In April, Kılıçdaroğlu said the coup attempt occurred within the knowledge of the ruling Justice and Development Party (AKP) and was therefore a “controlled coup,” meeting harsh criticism from the government and President Recep Tayyip Erdoğan.

Çelik said the “controlled coup” remarks he had also voiced on television, were among the issues of accusations.

“I was asked about the reason why I was using the term ‘controlled coup,’ which they called a ‘FETÖ discourse.’ I told them Kılıçdaroğlu was also voicing that description and that his comments should not be directed as accusations to his lawyer,” he added.

Meanwhile, jailed CHP Istanbul lawmaker Enis Berberoğlu has said he will apply to the European Court of Human Rights (ECHR) when all legal means are exhausted.
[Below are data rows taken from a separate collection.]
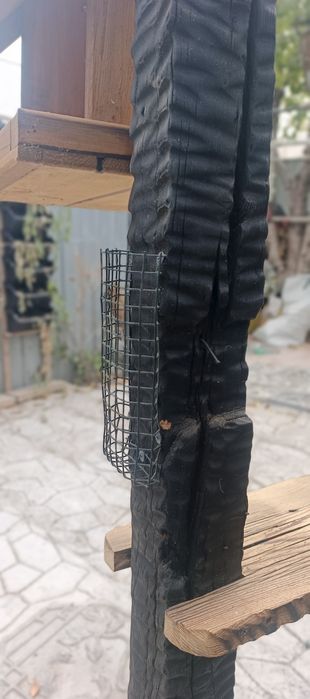 Кормушка для белок и птиц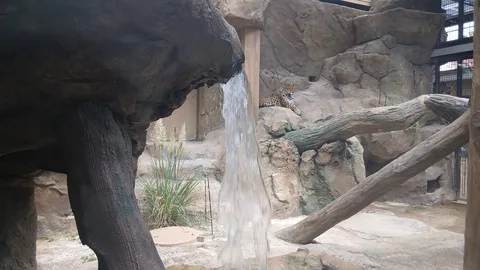 滝と岩肌に潜む静けさ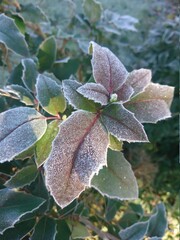 oszroniony ostrokrzew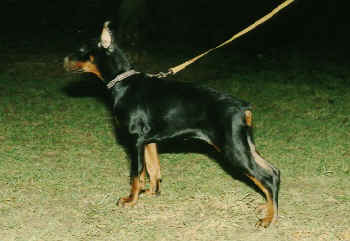 Ghersane-Gessica v. Rauberstolz | Black Doberman Pinscher
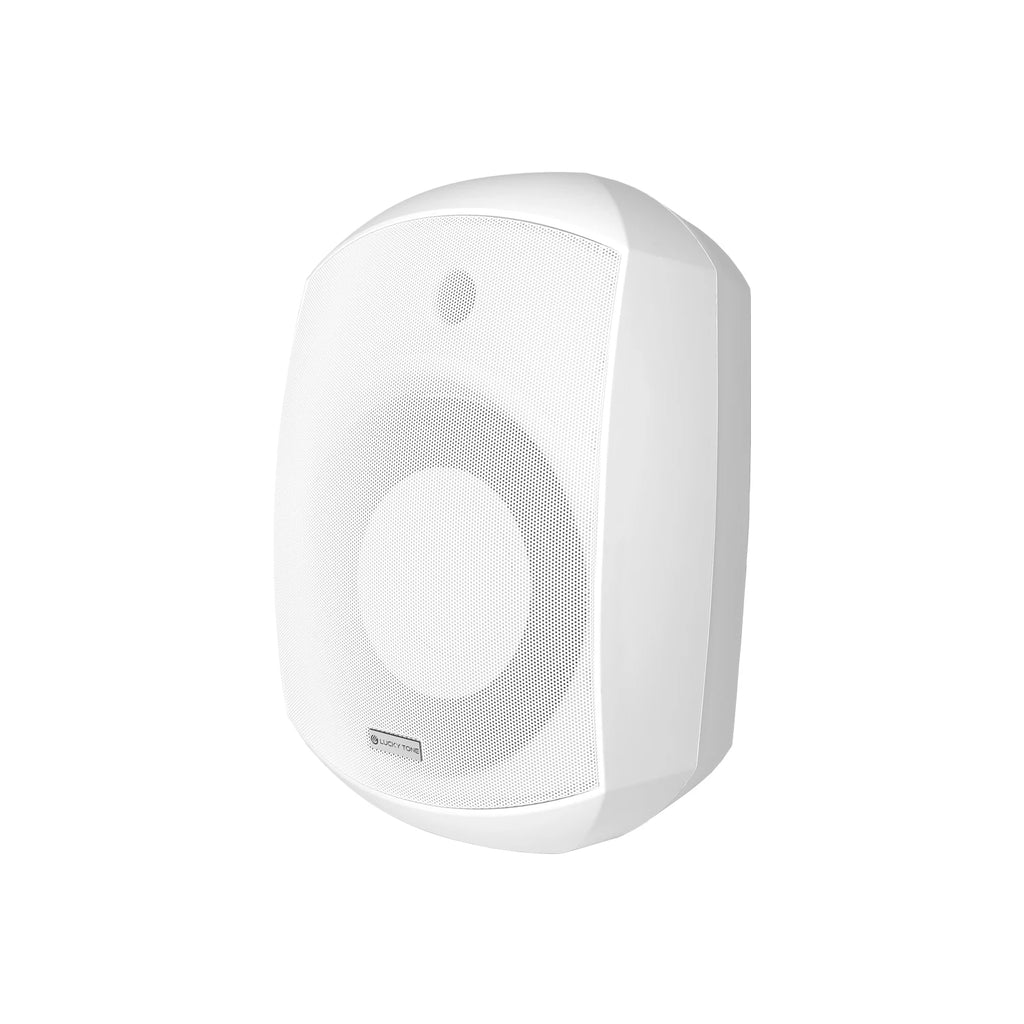 V Indoor Wall Mount Subwoofer With 8 Inch Driver Low Pass Filter 100V Line 360 Degree Bracket PP Housing Commercial Bass Speaker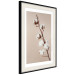 Poster Softness of Cotton - plant with soft white flowers on a beige background 137978 additionalThumb 19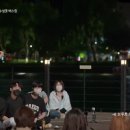 허니비파트너스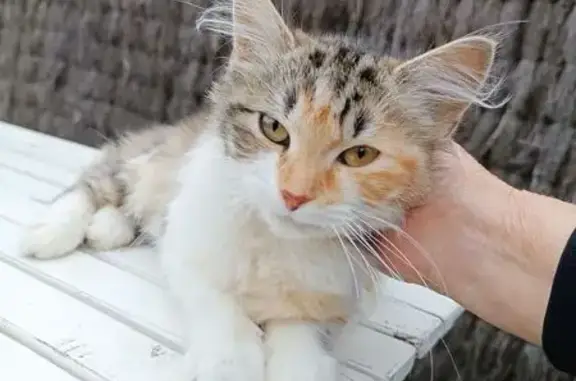 Chat trouvé Toufflers, photo: Chaton femelle blessée trouvée à Toufflers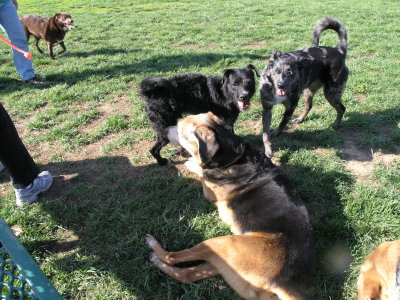 Maxwell with Gus & Molly, as Jasmine coming over to herd them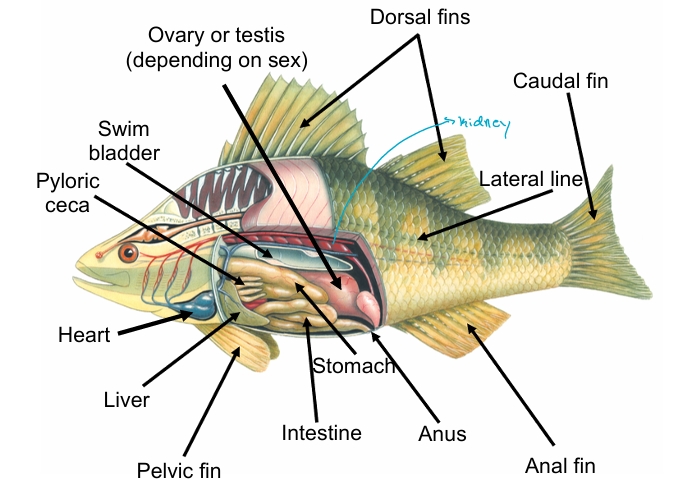 <p>increases SA for digestion of food</p>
“The judiciary does not act within the framework of justice,” said Berberoğlu, who was sentenced to 25 years in jail for “leaking state secrets” in a Syria-bound intelligence trucks case on June 14.

“When a person is sentenced to 25 years in jail, he stops counting the days inside. The judiciary does not act within the boundaries of justice. It is also confused on what to do. I think it is hard to satisfy both sides,” Berberoğlu told Pınar Türenç, the head of Turkish Press

Council, adding he “feels sad for Turkey,” during the latter’s visit to Istanbul’s Maltepe Prison.
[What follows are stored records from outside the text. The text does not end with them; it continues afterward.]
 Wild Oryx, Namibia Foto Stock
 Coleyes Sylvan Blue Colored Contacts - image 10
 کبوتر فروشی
“The Constitutional Court is aware of the situation. The appeals court cannot examine the situations of arrested lawmakers and issue a ruling regarding them. So, I’m waiting for six months to pass. The last stop for me will also be the ECHR,” he also said.

Meanwhile, AKP Manisa Deputy Selçuk Özdağ had said he did not support the lifting of parliamentary immunities in March 2016.

“We wanted constitutional amendments and proposed the lifting of parliamentary immunities for lawmakers who already had a summary of proceedings regarding them. The bill passed with the CHP’s approval. Personally, I’m a lawmaker who is against the lifting of lawmakers’ parliamentary immunities,” Özdağ told daily Habertürk on Oct. 1, as he added he did not cast his vote on the day of voting.

“I was abroad that day, but I voiced this inside the party. I spoke with both the CHP and the MHP [Nationalist Movement Party]. I told them, ‘If you lift them, Kılıçdaroğlu may be arrested in the following days. He has too many summaries of proceedings on him. It is inappropriate.’ I still think the same way. The immunities should not have been lifted,” he said.

Özdağ said lawmakers should be tried over crimes they committed when their deputyship ends. He also defended trial without arrest for those who are not involved in terrorism and who engage in politics or journalism within the indivisible unity of Turkey.

“You can have a trial without arrest with a ban on traveling abroad. I remained in jail for seven years. I know what lack of freedom and jail means. Jail means burying people alive and throwing soil on them every day. If you manage to get on top of the soil you live, but otherwise you die. That is why I would not want anyone’s freedom to be taken away. The judiciary must be very sensitive,” he added.